Exercise directions:
Your copy should match the records below exactly, except for the pictures.

Saved entries:
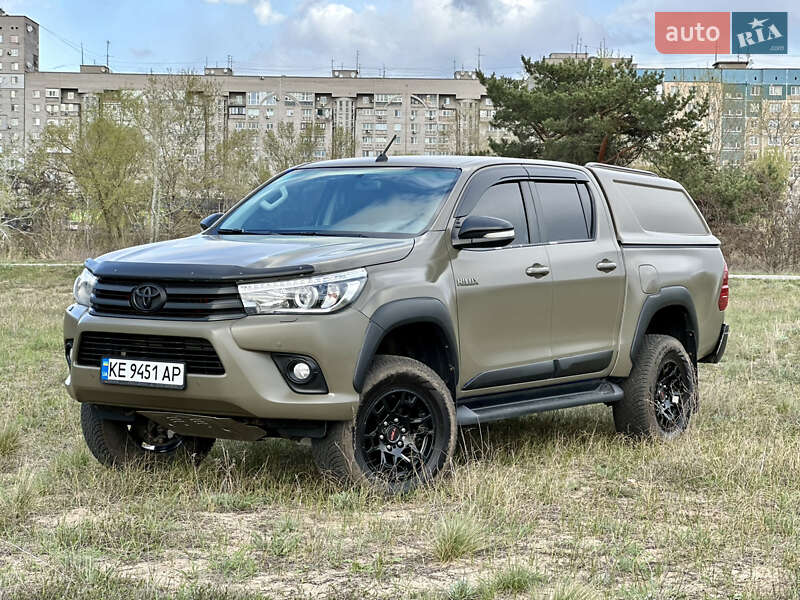 Toyota Hilux (2016)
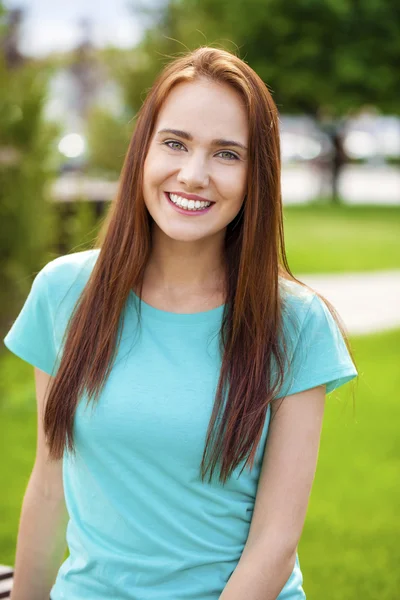 Portret van mooie jonge gelukkig vrouw — Stockfoto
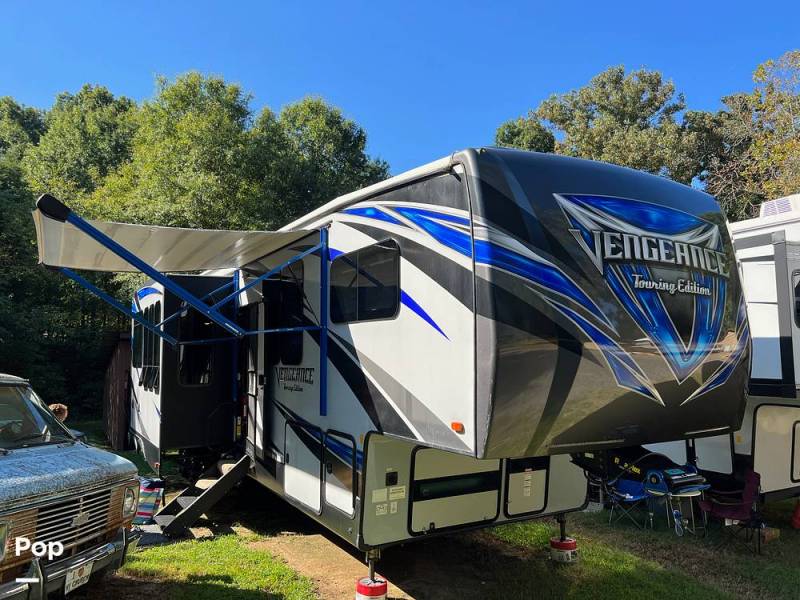 2019 Forest River Vengeance Touring Edition 381L12, $ 55,900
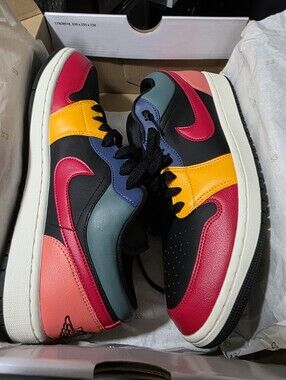 Jordan 1 Colorblock Low-Top Sneakers -Black/fire Red/taxi Size 10.5m.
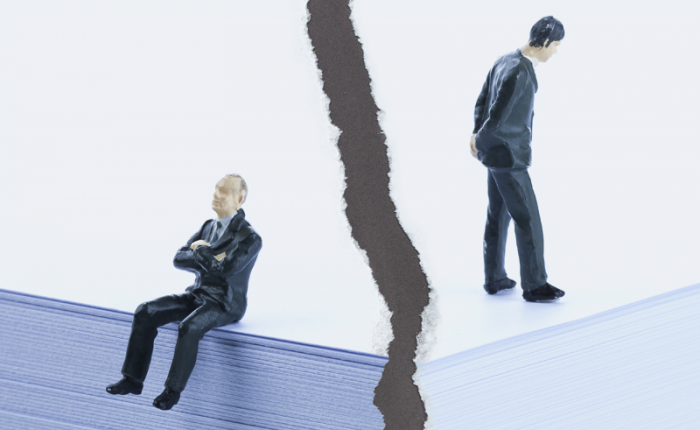 물보다 연한 피···재벌가의 ‘의상한’ 형제들 기사의 사진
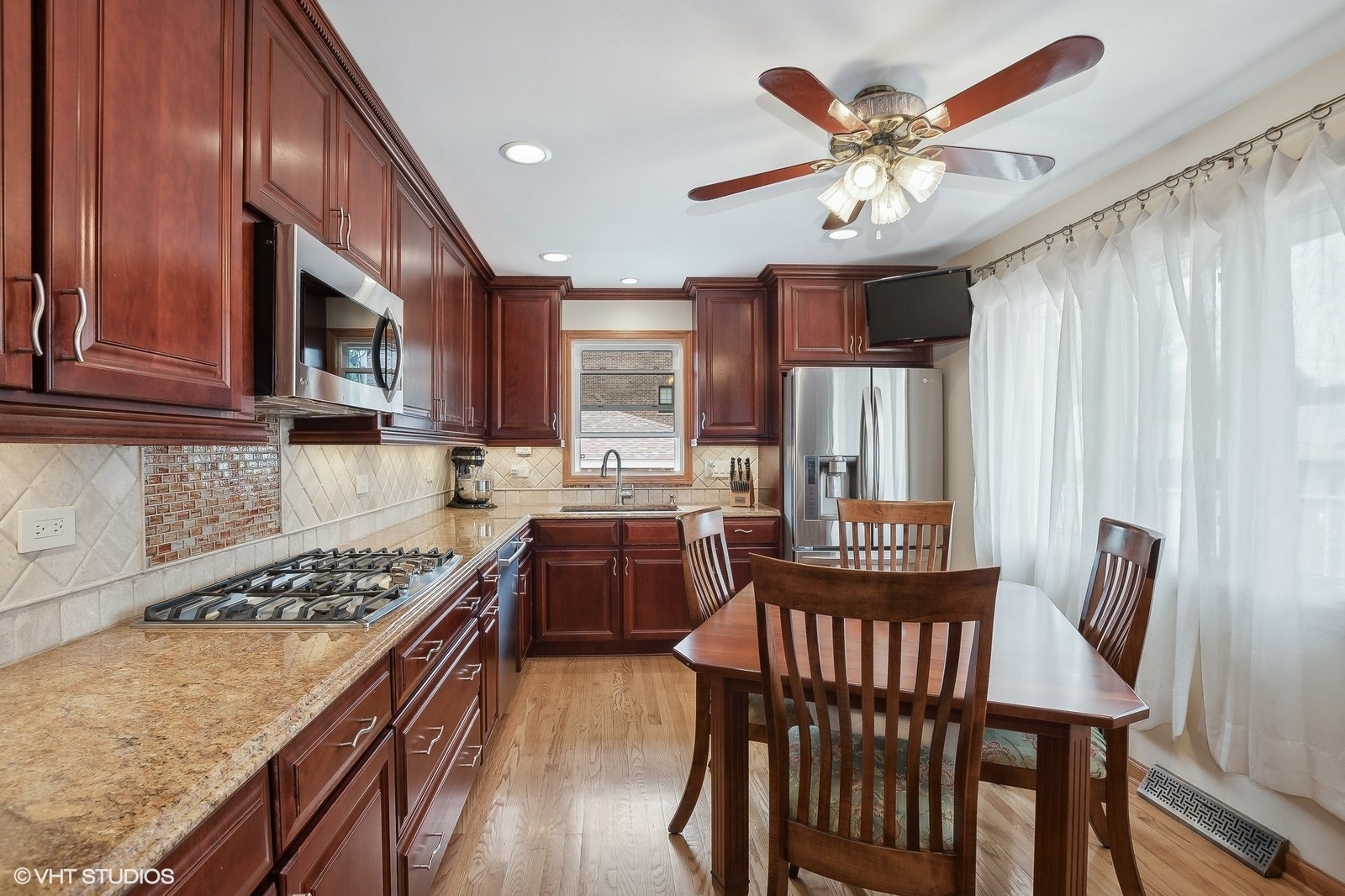 7900 W 72nd Street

Result for this exercise:
 Toyota Hilux (2016)
 Portret van mooie jonge gelukkig vrouw — Stockfoto
 2019 Forest River Vengeance Touring Edition 381L12, $ 55,900
 Jordan 1 Colorblock Low-Top Sneakers -Black/fire Red/taxi Size 10.5m.
 물보다 연한 피···재벌가의 ‘의상한’ 형제들 기사의 사진
 7900 W 72nd Street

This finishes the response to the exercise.